[Scraped caption text data]
+ + + + +

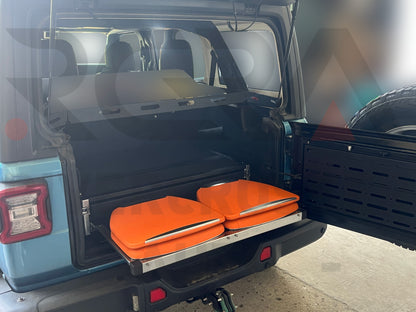 Jeep Wrangler Viewing Seat/ Trunk Viewing Seat (Aftermarket)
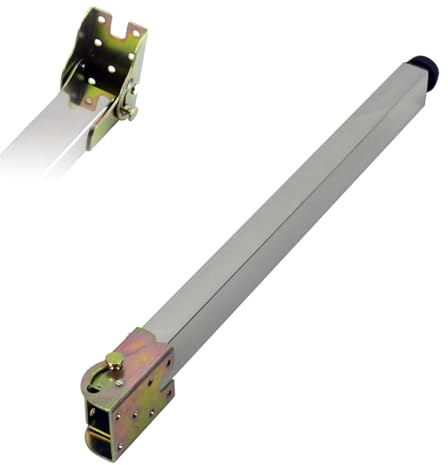 Verstellbare Tischbeine aus Edelstahl – stabile faltbare Möbelfüße, höhenverstellbar von 30 cm bis 102 cm, perfekt für DIY-Schränke und vielseitige Tischgestelle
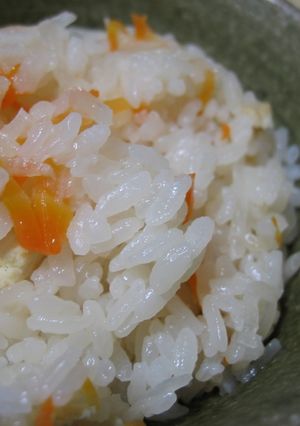 しみじみ～大根ごはん-レシピのメイン写真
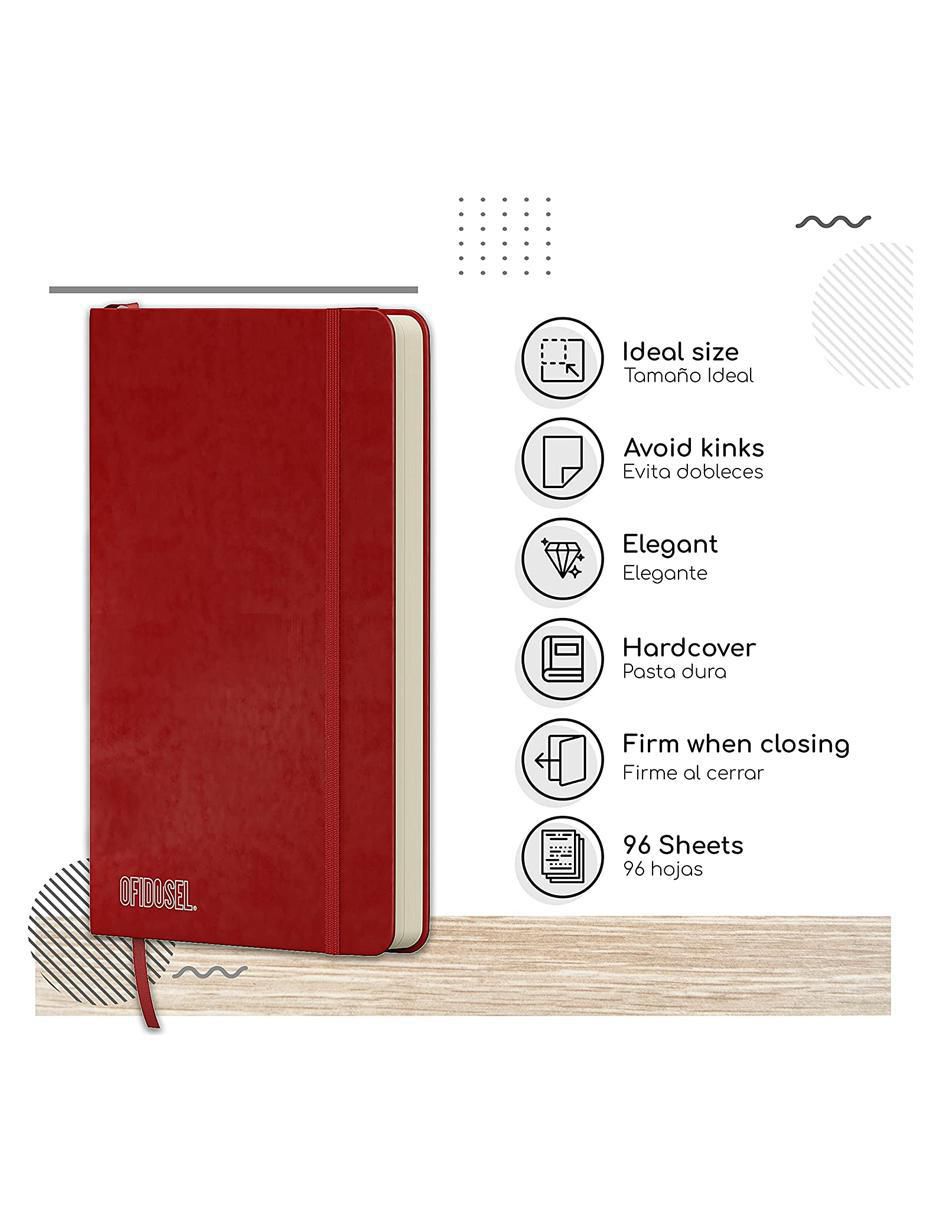 Ofidosel agenda de pasta dura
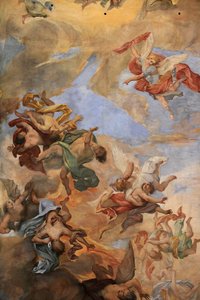 Saint Ambrose & Saint Charles Basilica Ceiling Fresco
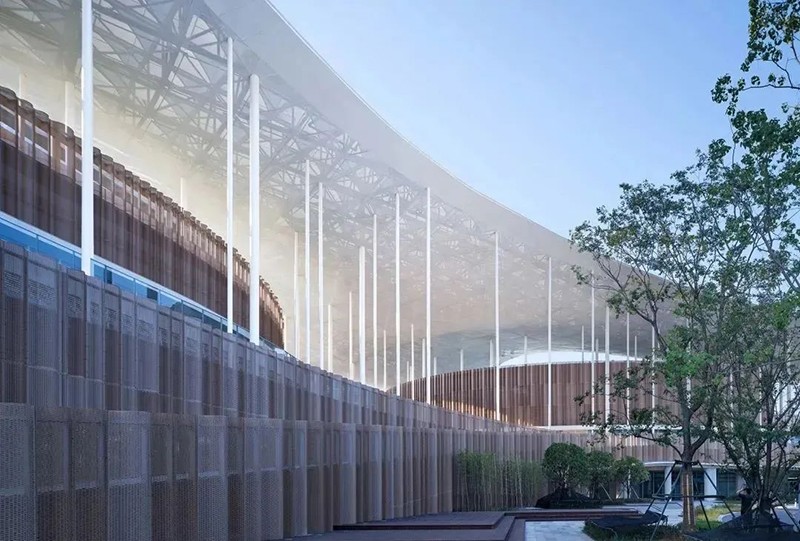 【案例賞析】杭州亞運(yùn)會棒壘球體育文化中心 【案例賞析】杭州亞運(yùn)會棒壘球體育文化中心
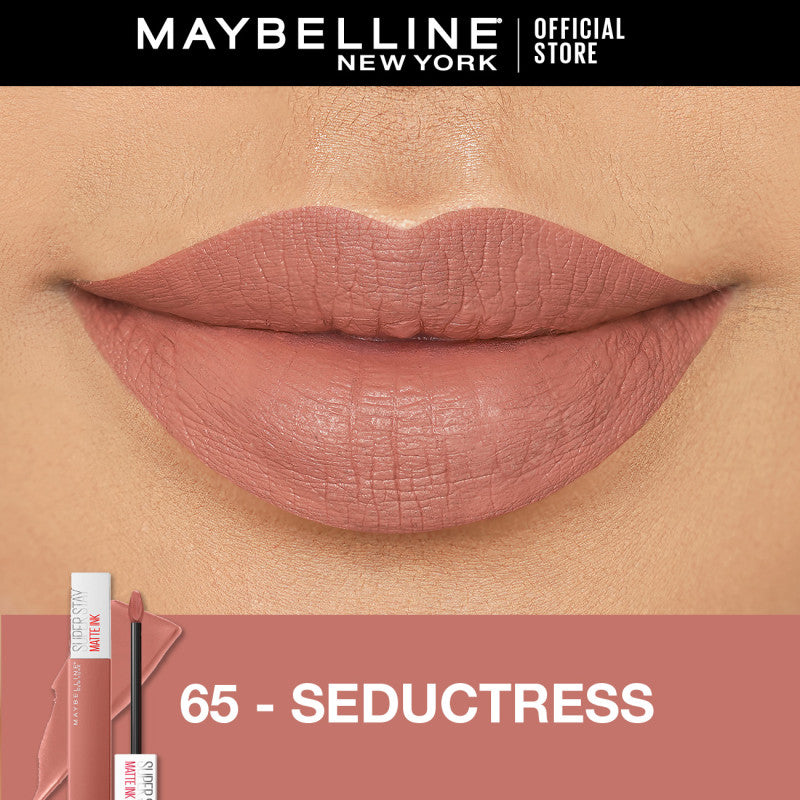 Maybelline Superstay Matte Ink Liquid Long Lasting Waterproof Matte Lipstick Lipcream Make Up Transferproof Tahan 16 Jam Vinyl Ink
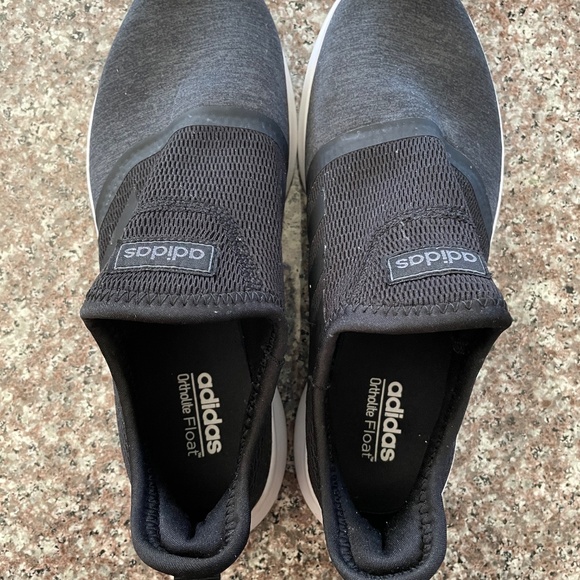 Adidas  Ortholite Float  Black/Charcoal Gray  size 7.5 No box - Picture 10 of 10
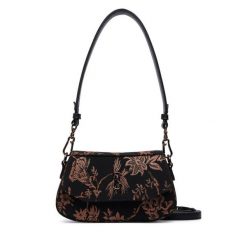 Torebka Steve Madden. Czarne torebki klasyczne Steve Madden, bez wzorów, klasyczne, bez dodatków. Za 429.99 zł.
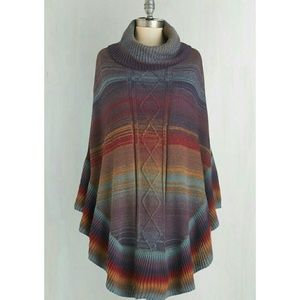 Sunset Poncho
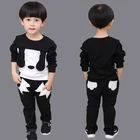 Fashion sport boys clothing spring autumn long sleeve sets baby boy set kids clothing sets boys suits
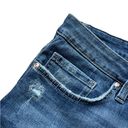 Lee  Riders Women's Indigo Fringe Cuff Boyfriend Jeans Size 16 M NEW With tags Photo 6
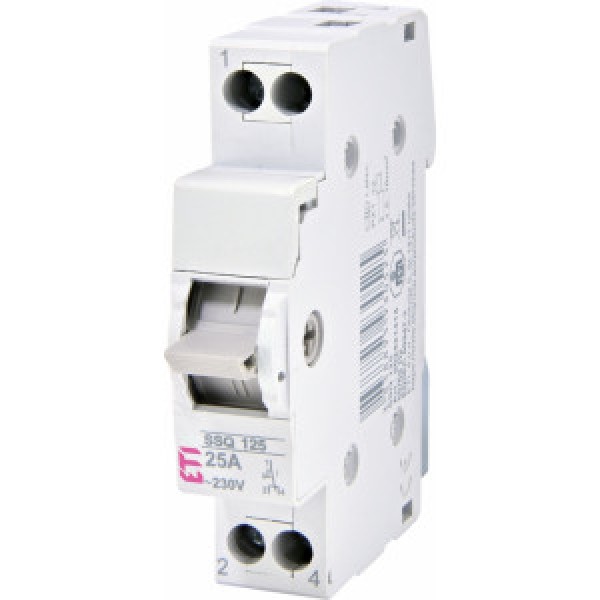 Перемикач навантаження SSQ 125 1 полюс 25А "1-0-2" ETI (002421414)
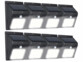 8 appliques murales solaires LED 100 lm WL-100.solar avec détecteur de mouvement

+ + + + +

Task to carry out -> Starting at the line with "Picture 10 of 10", reproduce exactly each line through the end of the entries, including the first and the last, and skip the pictures.

Answer section ->
 Adidas  Ortholite Float  Black/Charcoal Gray  size 7.5 No box - Picture 10 of 10
 Torebka Steve Madden. Czarne torebki klasyczne Steve Madden, bez wzorów, klasyczne, bez dodatków. Za 429.99 zł.
 Sunset Poncho
 Fashion sport boys clothing spring autumn long sleeve sets baby boy set kids clothing sets boys suits
 Lee  Riders Women's Indigo Fringe Cuff Boyfriend Jeans Size 16 M NEW With tags Photo 6
 Перемикач навантаження SSQ 125 1 полюс 25А "1-0-2" ETI (002421414)
 8 appliques murales solaires LED 100 lm WL-100.solar avec détecteur de mouvement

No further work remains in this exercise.